Research before spend

One of the most practical things about keyword research is that it works before you've committed to anything.

No budget required. No campaign live. No historical performance data needed. You can research a market, test demand for a product idea, or map a competitive landscape before spending anything.

This is worth emphasising because most PPC tools work differently. They're built around optimising existing campaigns and tend to need weeks or months of data before they're useful. Keyword research works from day one.

For businesses still deciding whether paid search is right for them, or that want to understand their market before making that call, keyword research is a low-risk starting point with immediate returns.

Making keyword research more conversational

Keyword Planner is powerful, but the interface is designed for advertisers managing campaigns. If you're coming to it for market research rather than ad targeting, the layout, terminology, and workflow can feel like they're built for someone else.

This is one of the things we're building with Addy. Keyword research through conversation, where you describe what you're trying to understand and get back interpreted data rather than raw tables. It works from the first question, before any campaigns exist, and connects research to next steps when you're ready for them.

If you haven't set up an account yet, the step-by-step walkthrough takes less than five minutes.

Where to start

If you've never used Keyword Planner, the setup takes less than five minutes. Create a Google Ads account using Expert Mode, select "Create an account without a campaign" (Google Ads Help), and go to Tools > Keyword Planner.
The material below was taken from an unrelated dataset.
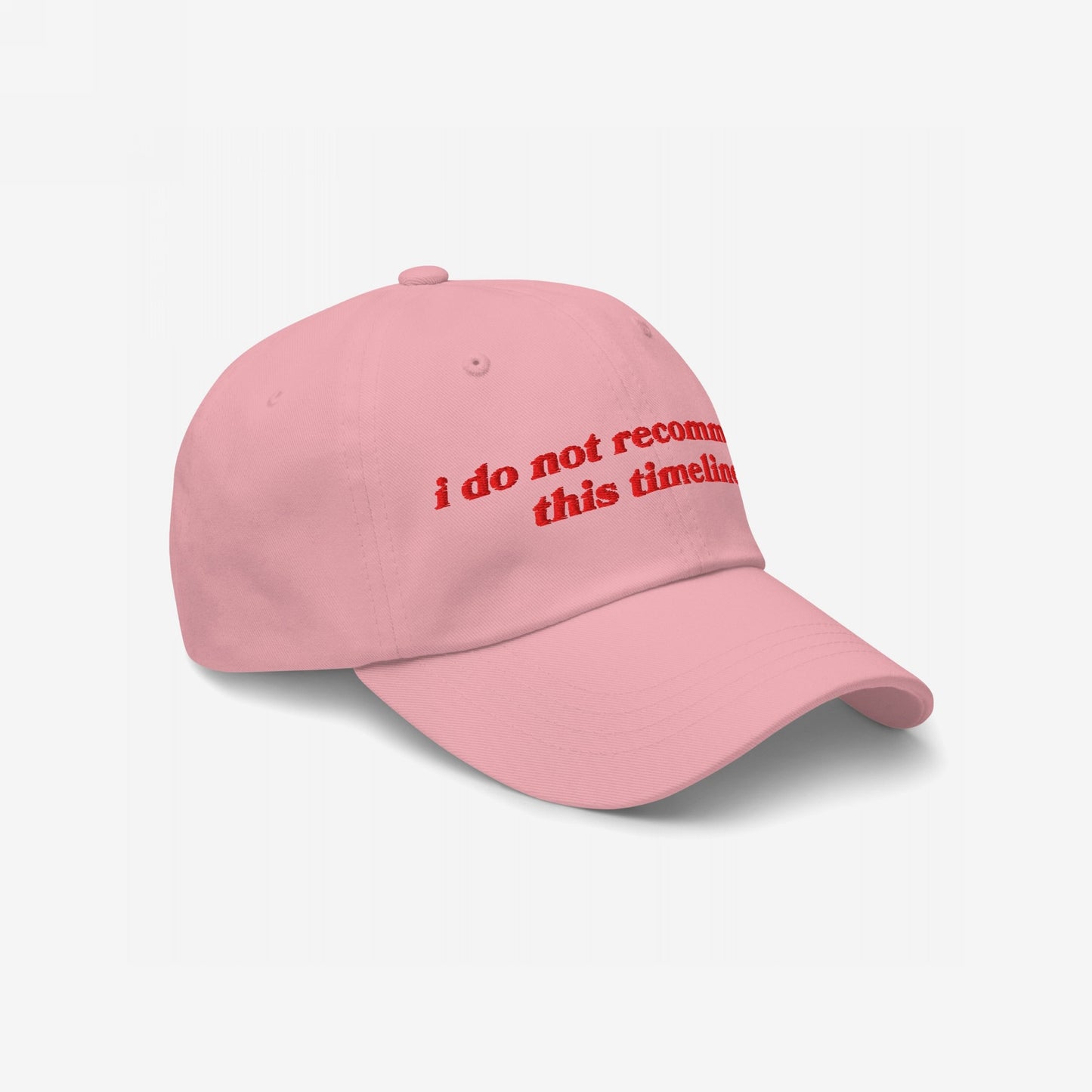 The Timeline Hat features bold red embroidery stating i do not recommend this timeline on a soft pink dad hat, capturing a sarcastic stance on current events with vintage-inspired lettering.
Start with a few searches related to your business. Not your brand name or product name, but the problems your customers have. The words they'd use to describe what they need.

Then look at what comes back. The volume. The competition. The related terms you hadn't thought of. That's the starting point for decisions about content, positioning, and whether paid search makes sense.

Keyword research isn't about finding the right keywords. It's about understanding demand, language, and competition before committing resources. Professionals start here because the data is free, the insights are immediate, and it reduces the risk of building around the wrong assumptions.